### Your objective
Once you find the line with "2007 Porsche Boxster" in the entries below, print it and each line after it up to and including the line with "Emily Belsham Rakuscapes: Card Holder", exactly, without pictures.

### Material supplied
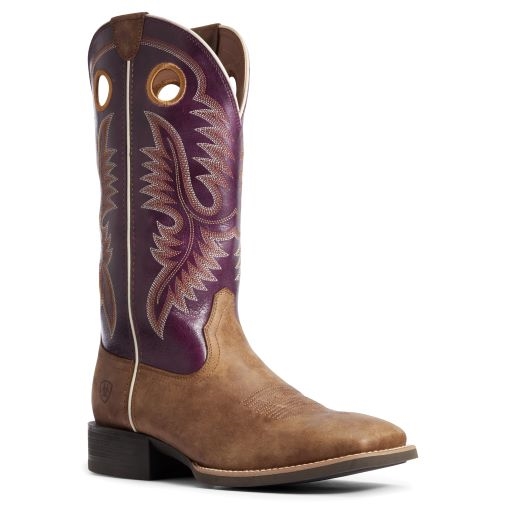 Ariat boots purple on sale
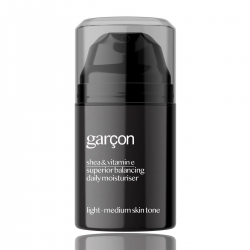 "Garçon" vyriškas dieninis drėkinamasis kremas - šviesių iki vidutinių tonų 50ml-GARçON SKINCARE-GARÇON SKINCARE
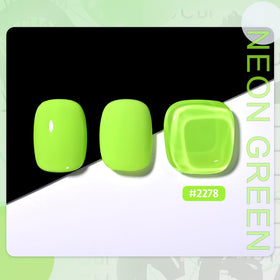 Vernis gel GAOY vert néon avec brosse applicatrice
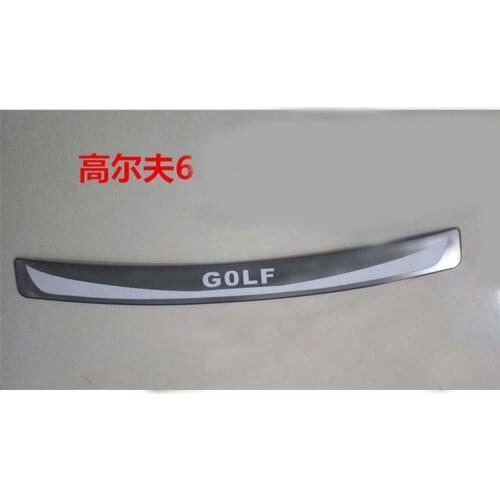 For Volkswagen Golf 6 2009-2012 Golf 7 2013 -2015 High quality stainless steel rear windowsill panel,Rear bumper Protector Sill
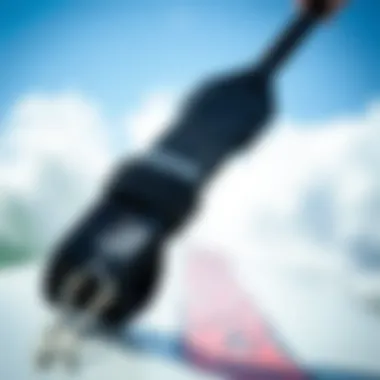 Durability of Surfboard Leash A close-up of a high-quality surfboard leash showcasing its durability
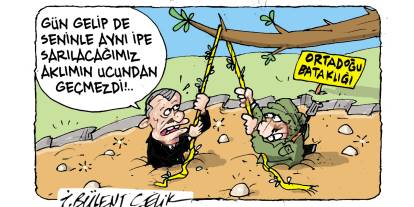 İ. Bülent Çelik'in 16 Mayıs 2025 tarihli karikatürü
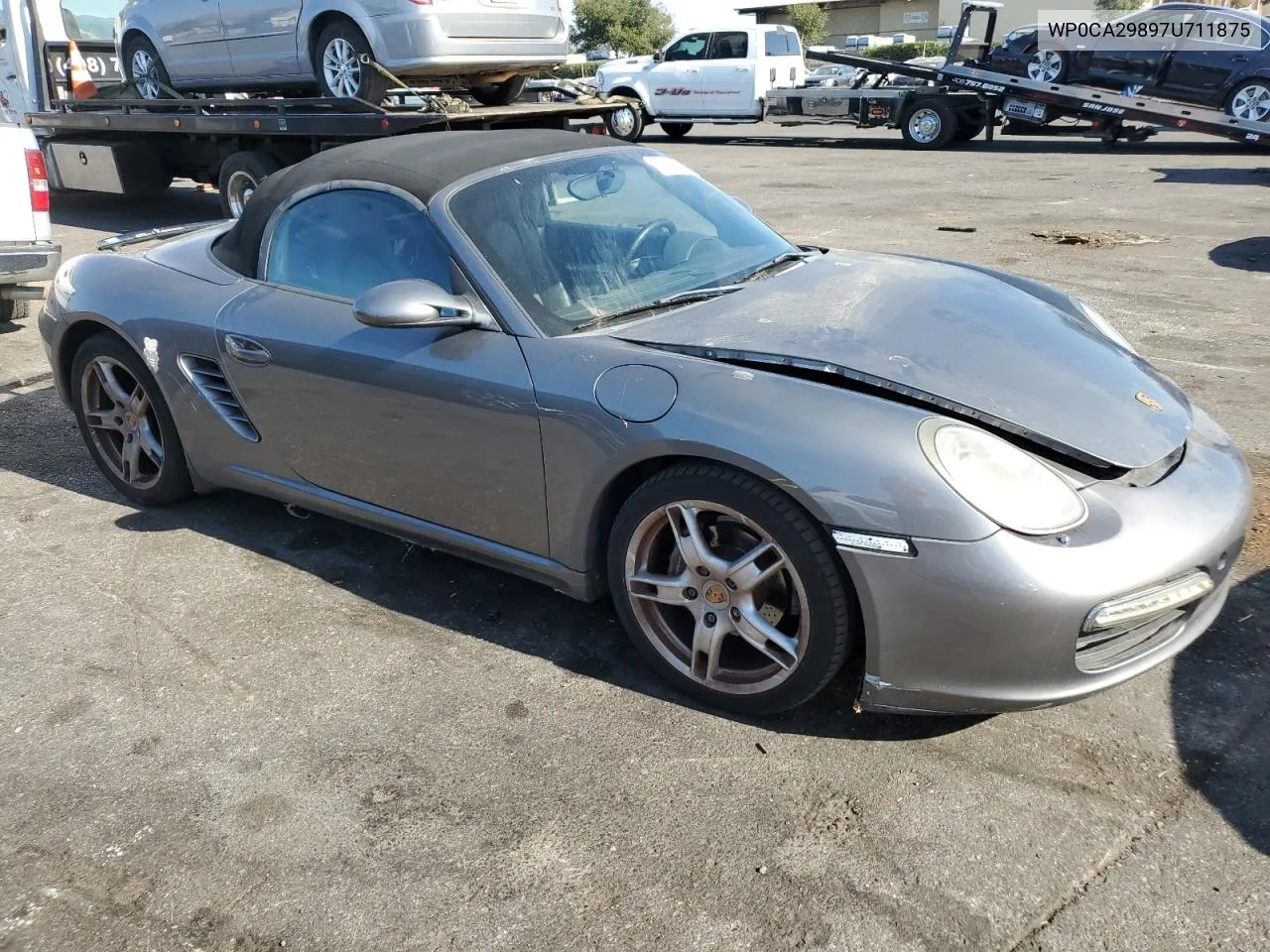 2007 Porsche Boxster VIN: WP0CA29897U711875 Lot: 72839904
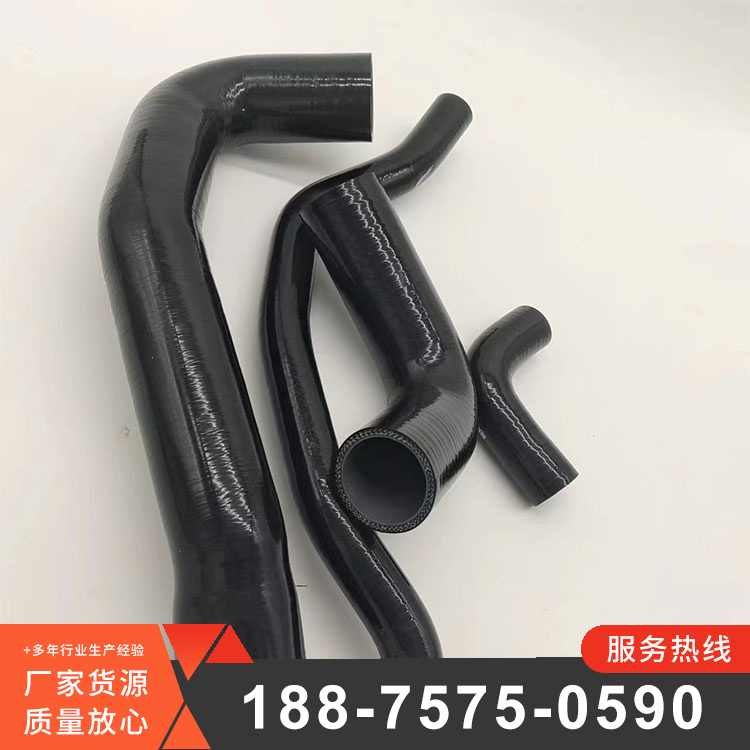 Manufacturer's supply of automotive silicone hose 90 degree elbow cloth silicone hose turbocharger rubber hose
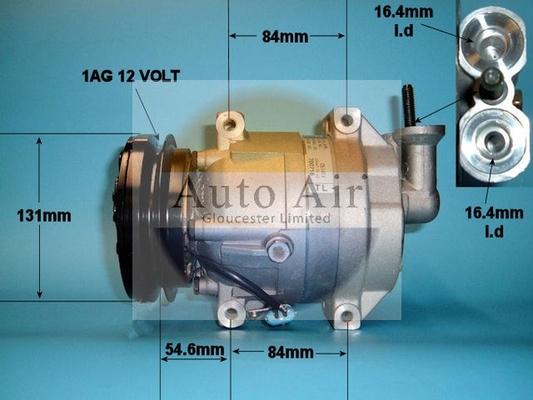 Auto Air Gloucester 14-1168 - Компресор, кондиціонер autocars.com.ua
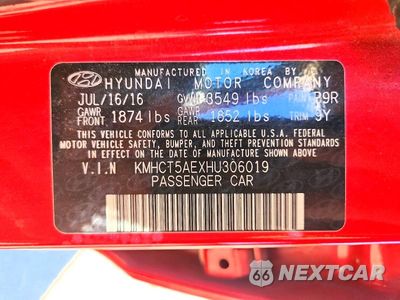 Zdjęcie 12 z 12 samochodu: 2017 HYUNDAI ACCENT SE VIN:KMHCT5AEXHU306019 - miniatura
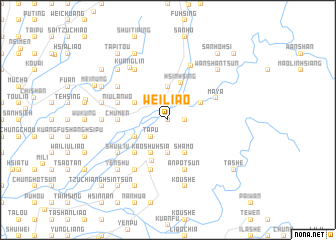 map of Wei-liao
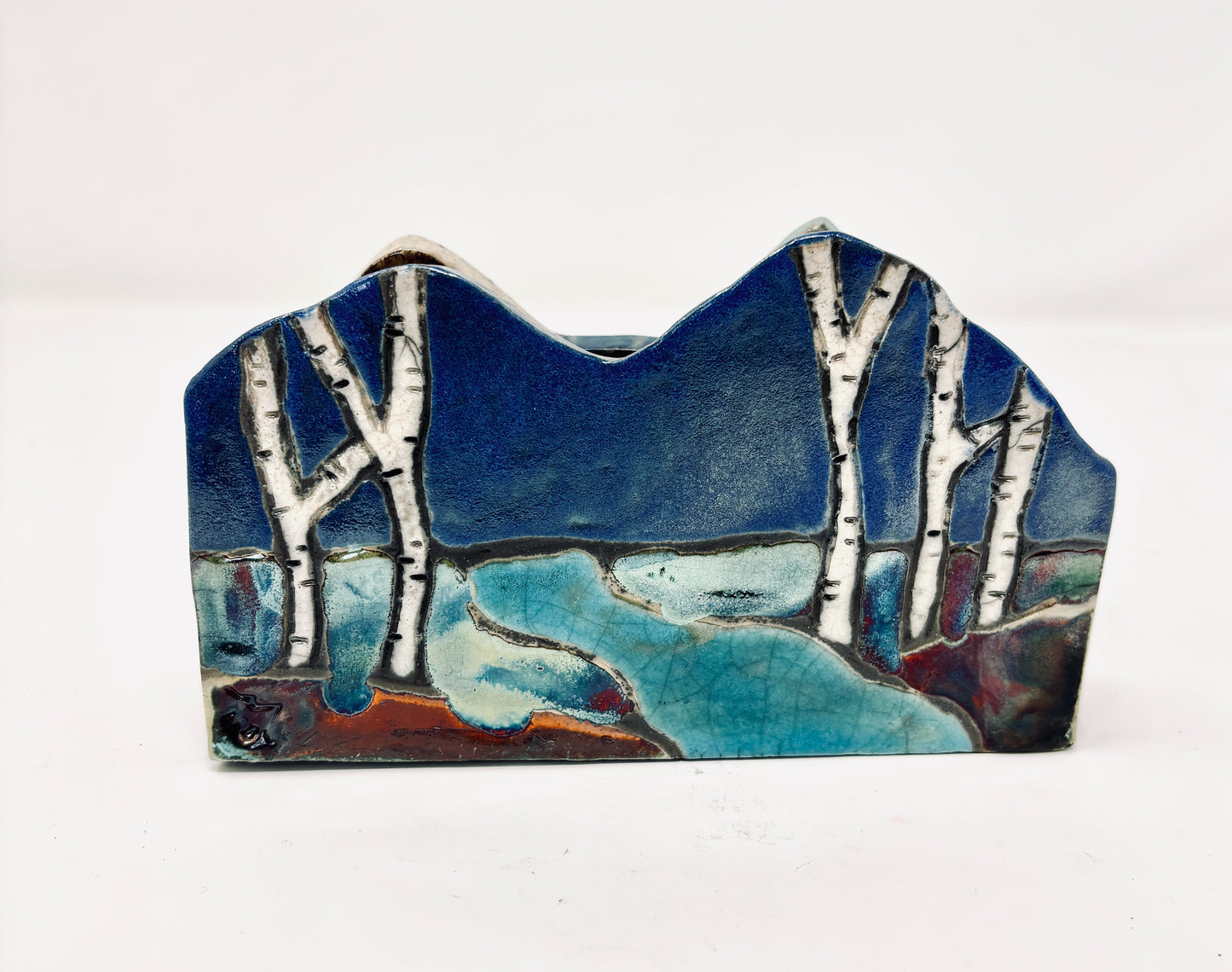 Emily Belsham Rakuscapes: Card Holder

--

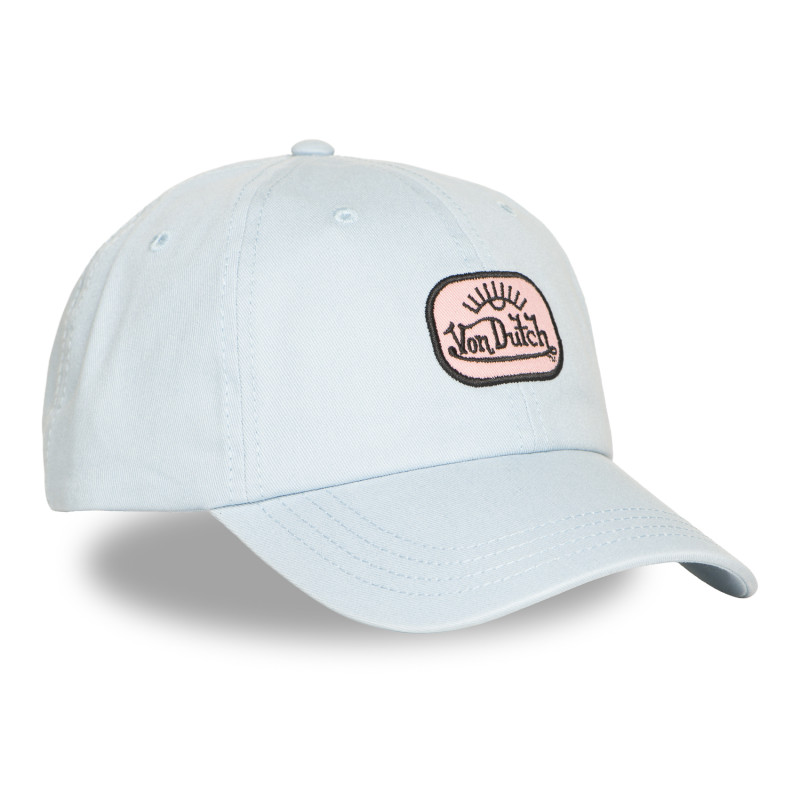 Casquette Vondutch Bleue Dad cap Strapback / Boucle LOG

### Answer to the exercise
 2007 Porsche Boxster VIN: WP0CA29897U711875 Lot: 72839904
 Manufacturer's supply of automotive silicone hose 90 degree elbow cloth silicone hose turbocharger rubber hose
 Auto Air Gloucester 14-1168 - Компресор, кондиціонер autocars.com.ua
 Zdjęcie 12 z 12 samochodu: 2017 HYUNDAI ACCENT SE VIN:KMHCT5AEXHU306019 - miniatura
 map of Wei-liao
 Emily Belsham Rakuscapes: Card Holder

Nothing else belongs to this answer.